Utah, Where We've Been

Horseshoe Bend, Buckskin Gulch & Antelope Slot Canyon

Print Friendly, PDF & Email


Horseshoe Bend

The Colorado River cuts deep into the walls of the canyon near the beginning of the Grand Canyon in Page, Arizona. This canyon system is a great example of how rivers wind themselves around the landscape instead of taking the easier, straight path. At some point in the future, the water will have chiseled away at the other end of the bend long enough to connect the upstream and downstream river. At which point, that will turn Horseshoe Bend into an oxbow lake. But for now it carries the water of the Colorado River downstream to the Grand Canyon.



Buckskin Gulch via Wire Pass Trail

Buckskin Gulch is one of the larger slot canyons in Utah and is accessed by the Wire Pass Trailhead. To get there, we had to drive on an unmaintained gravel road for about 8 miles, going 15-20mph. If you thought the suspension in a Ram 3500 was rough, try this road for a new perspective.

The trail through Wire Pass is a little under 2 miles long. It’s along a mostly flat, sandy path until we got to the first slot canyon. This slot is just wide enough to walk through. Looking up is the most amazing sight as we were able to just see slivers of the sky overhead and ahead of us, only walls of rock.

There’s a large, sturdy ladder in this slot because of a large drop off that would be impassable without it. Making it out of the slot led us to the intersection of Buckskin Gulch. A huge crevasse was carved out of the canyon wall whose scale is unrealized without a person standing in it.

A little farther down, at the corner of the intersection, are petroglyphs carved into the wall. It’s unknown how old they are or who carved them. They’re pictures of what appear to be rams and possibly a river or flash flood that would have run through this area. Perhaps they tell a story of what happened here many years ago.

We walked into Buckskin Gulch, a slightly wider, but much longer slot canyon. There had been a ladder perched between the walls of the canyon, but now all that remains are a few pieces at the top, nearly 20 feet high. The rest of the ladder had been swept away in a flash flood that entered the canyon some time ago.

Before embarking on a hike through a slot canyon, be sure to check the weather report first! Even if you have sunny skies where you’ll be hiking, water can travel down the slot from another area it has been raining, and cause a flash flood event.


Antelope Canyon

Antelope Canyon is the epitome of slot canyons in southern Utah. The way that the water has swept through this canyon has carved it into a beautiful form of artwork. 

The canyon is on Navajo land, so the only way it can be accessed is through a tour. Our guide was a Navajo Indian who has been doing these tours for many years. As such, he knew exactly where to take the best pictures and pointed out for sand forms and faces that can be seen in the shapes of the rock. 

At the entrance is the location that the award winning photograph of Antelope Canyon was taken.
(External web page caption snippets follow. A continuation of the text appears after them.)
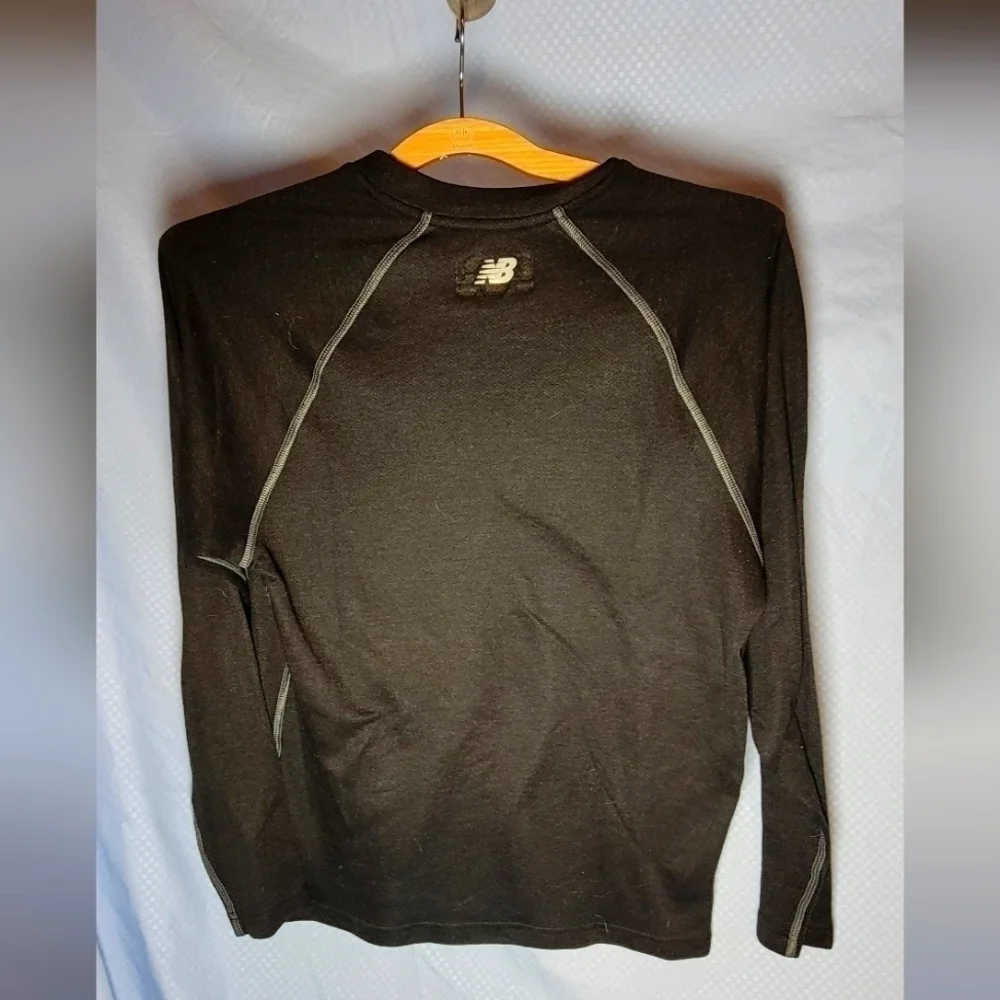 Mens Large New Balance Shirt - Picture 2 of 3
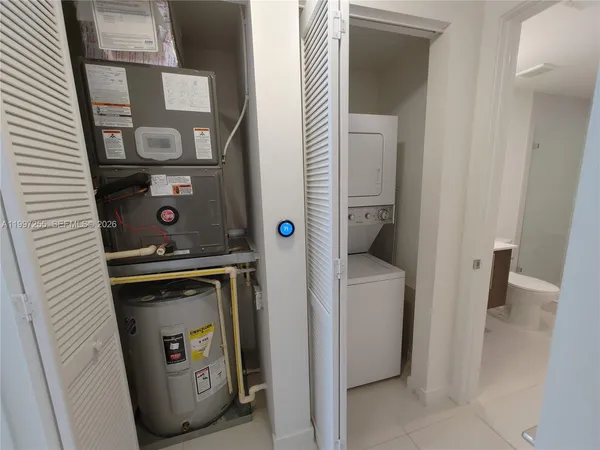 $2,800 | 7661 Northwest 107th Avenue, Unit 710, Doral, FL 33178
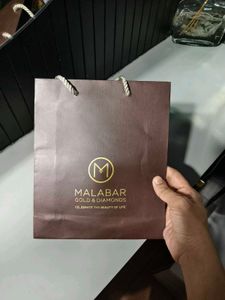Malabar Gold &amp; Diamonds Paper Gift Bag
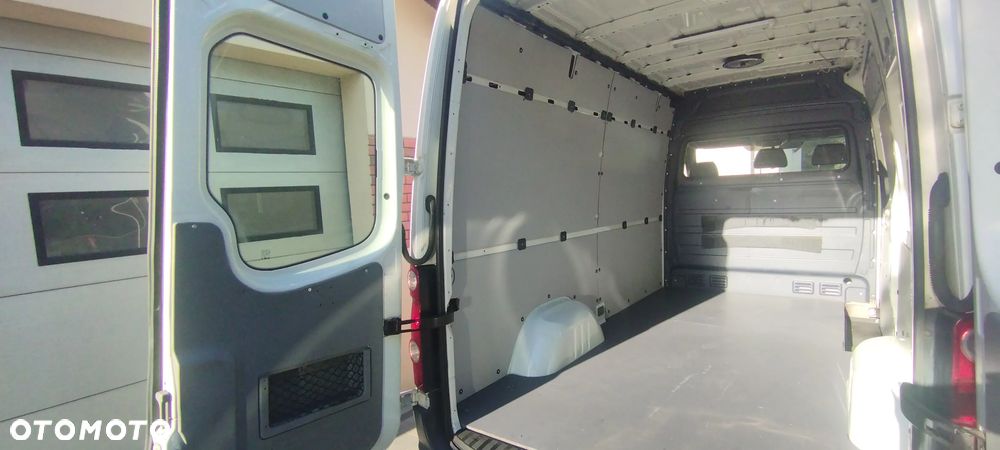 Volkswagen Crafter - 5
During the summer, at high noon, the light streams into the canyon at this one location to form a beam of light that hits the sandy floor. 

Near the middle of the canyon, just enough light peaks through to make the shape of a heart. This, as he called it, was the heart of the antelope.

At another location, our guide perched himself in what he called the “angels wings.” He pulled out his flute and played a native melody that echoed throughout the chambers. 

He also pointed out the location where one of the Windows 7 wallpaper was taken.

I didn’t tour the Lower Antelope Canyon, but the main difference between it and the Upper Antelope Canyon is the narrowness of the walls at the opening and floor of the canyon. The Upper Antelope Canyon has a much wider base and narrower top which allows a small amount of light to flow through to the bottom. It creates a more captivating photographic picture. The Lower Antelope Canyon, while also located underground, is wider at the top and very narrow along the bottom. This allows a lot of light to flow into the canyon.

While the tour itself was great, it felt a little rushed. There were a lot of tour groups scheduled to come in and only brief moments were given to each chamber, so trying to take a picture without someone else’s feet, arms, or head showing was a bit of a challenge. If the tour was better spaced out, it would have been five star, but as it was, visiting Antelope Canyon is a must if you’re in the area.


Boondocking in Big Water, Utah

Solitude. The name of the model of the fifth wheel and our location in Big Water, Utah. Nothing but the vast, open landscape for miles surrounding us. When God told Abraham to count the stars, the night sky on these dark nights was just as Abraham would have seen it. 

Big Water is a tiny town within the Utah border, about 25 minutes north of Page, Arizona. There are several boondocking sites near here, but this one was ideal for its proximity to Page and Buckskin Gulch. Easy access and plenty of room for big rigs.

Starlink was again very fast. Verizon was also good.

Would absolutely, without a doubt, stay here again.